Впрочем, одно из главных мест в творчестве Игоря Эммануиловича занимал пейзаж. Исколесивший Европу и проживший пять лет в Мюнхене, он всегда скучал по среднерусской полосе. Ни баварские, ни даже итальянские виды не радовали его так, как наша природа, особенно зимняя. Он обожал иней: картины с подобным названием появлялись в разные годы — и в 1905-м, и в 1918-м, и в 1941-м. Художник экспериментировал с утренним освещением — он вообще был адептом солнца и предпочитал наслаждаться рассветами, а не закатами: «В мюнхенские годы я ложился в девять часов вечера и вставал в четыре утра. С тех пор раннее вставание вошло в привычку, хотя оно и досталось мне путем значительного укорачивания вечеров, со всеми его последствиями: невозможностью частых посещений театра, концертов, интересных собраний, вечеров, дискуссий. Мне вовсе незнакома и даже прямо чужда жизнь артистической богемы; не люблю ночей, ни темных, ни лунных, не видя в них поэзии; утро люблю больше вечера и обожаю солнце». 

Секрет своего успеха Грабарь видел в неприятии праздности: «Меня часто спрашивают, как мог я физически успевать делать все то, что довелось сделать. Думается, только потому, что была воля к труду и страсть к труду: как не мог я жить без искусства, так не мог дня прожить без труда, помня всю жизнь правило, по которому лучший отдых — есть перемена работы». Он навсегда уяснил мнение, высказанное ему Петром Чайковским: человек упорный добьется гораздо большего, чем гениальный бездельник.

Как любой состоявшийся мастер, Игорь Эммануилович обладал острым глазом и оставил любопытные воспоминания о современниках.
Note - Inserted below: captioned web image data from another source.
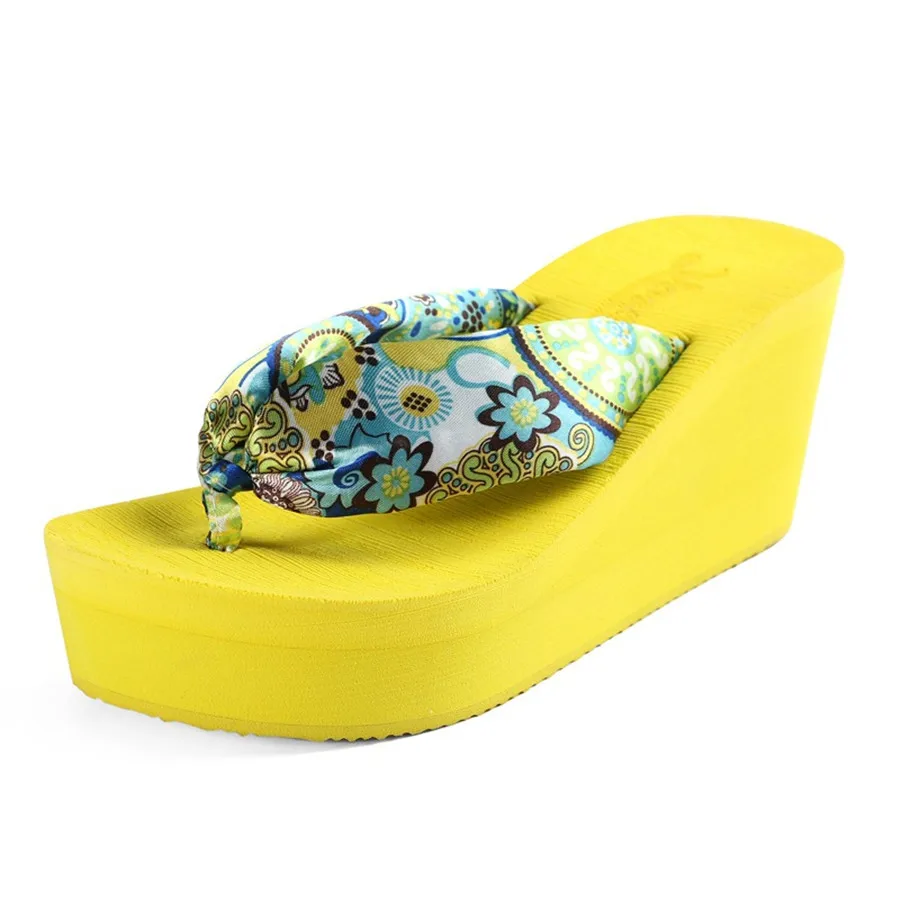 

New Fashion Style Women Slippers High Heel Slip-on Female Flip Flops Platform Wedges Vaction Casual Wear Good Quality Floral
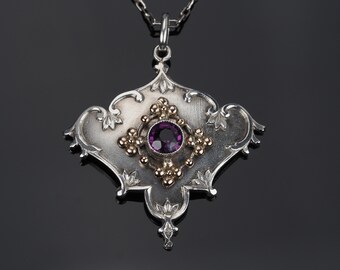 Antique Theodor Fahrner Signed Necklace, Sterling & Hematite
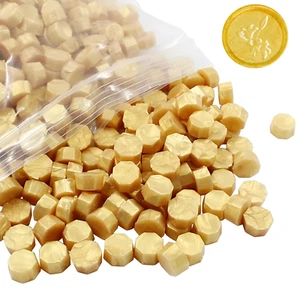 600Pcs Gold Sealing Wax Beads, Octagon Wax Seal Beads for Wax Stamp Sealing, Per - Picture 1 of 5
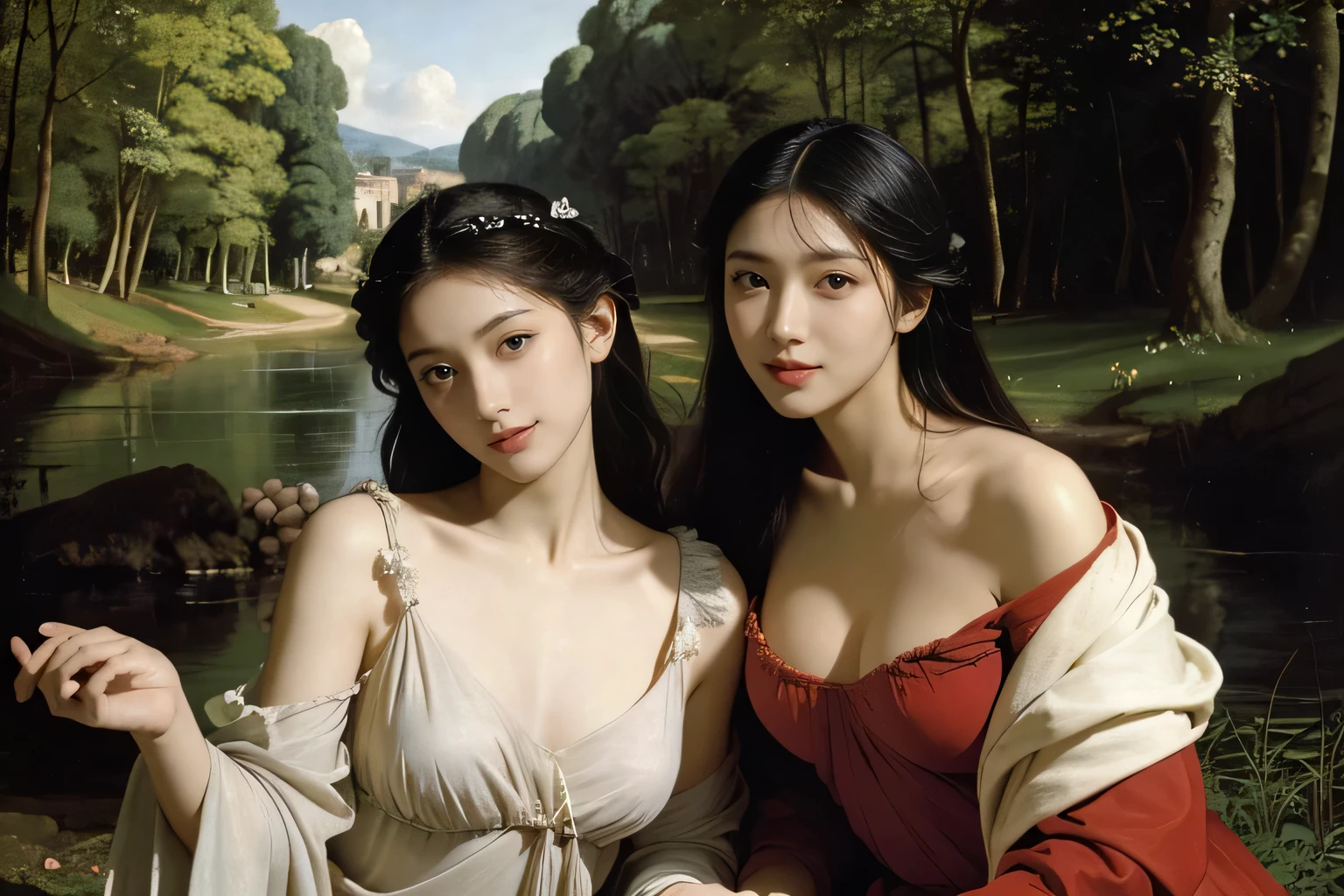 Giorgione painting style,Barbizon forest A beautiful woman in Greek dress smiles on the shore,Sweet and seductive appearance.、Caravaggio's paintings、Chiaroscuro of Caravaggio、hair tousled by the wind,Two women frolicking,cute smile, expression of ,Sexy,er, ful portrait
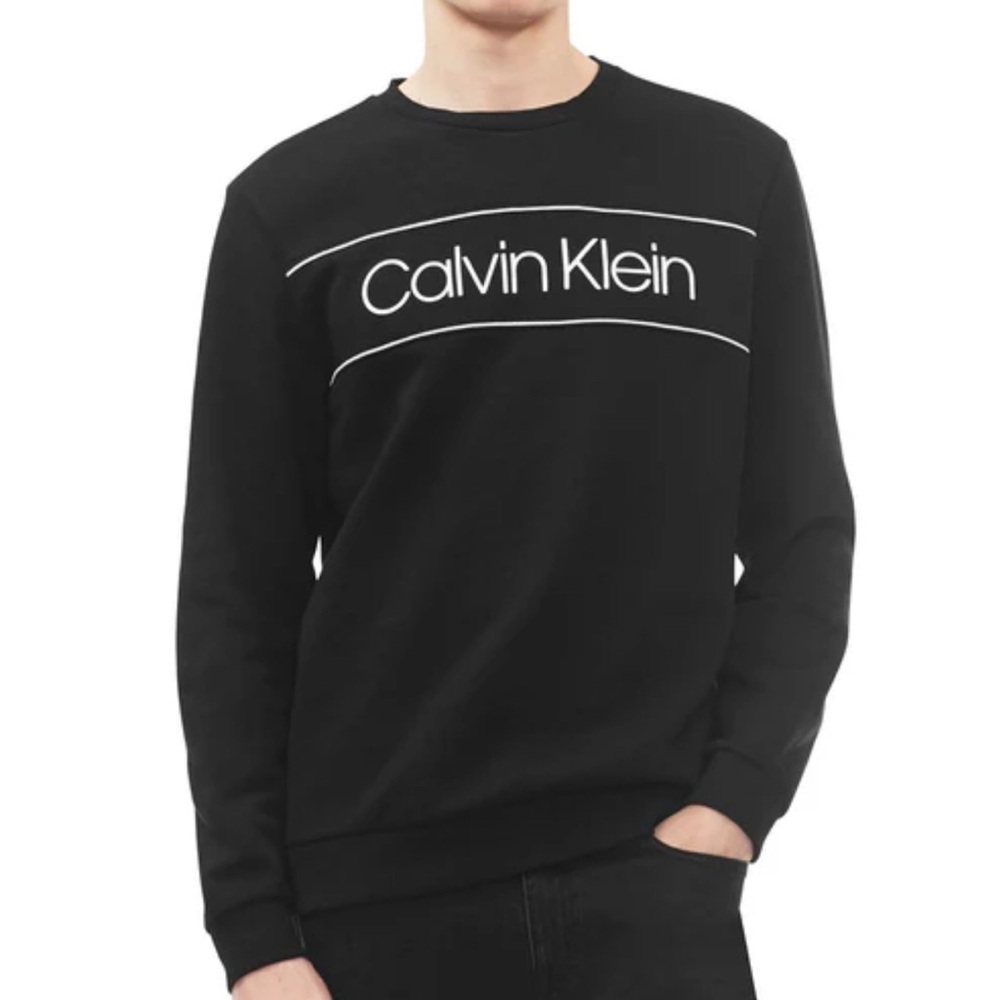 Calvin Klein Logo Crewneck Men’s XL Black Sweatshirt Pullover Soft Fleece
В мемуарах он рассказывал, как бескорыстно «клакерствовал» на спектаклях Чайковского, уговаривал меценатов купить картины Врубеля, чувствовавшего себя непонятым и никому не нужным. Подчеркивал знойный темперамент Дягилева (Грабарь сотрудничал с объединением «Мир искусства») и довольно язвительно проходился по Баксту: «Он был кокет: его движения были мягки, жесты элегантны, речь тихая — во всей манере держать себя было подражание «светским» щеголям, с их нарочитой свободой и деланной «английской» распущенностью». 

Впрочем, за этими занимательными наблюдениями не теряется творческое кредо, которое Грабарь определял следующим образом: «...мне всегда было органически противно всякое кривляние в искусстве, все противоестественное, деланное; может быть, поэтому я люблю только радостное, радужное, ясное, светлое, люблю вещественность и реальность, не принимая и не понимая беспредметности, абстракций и всяких мудрствований: «Где просто, там ангелов со сто».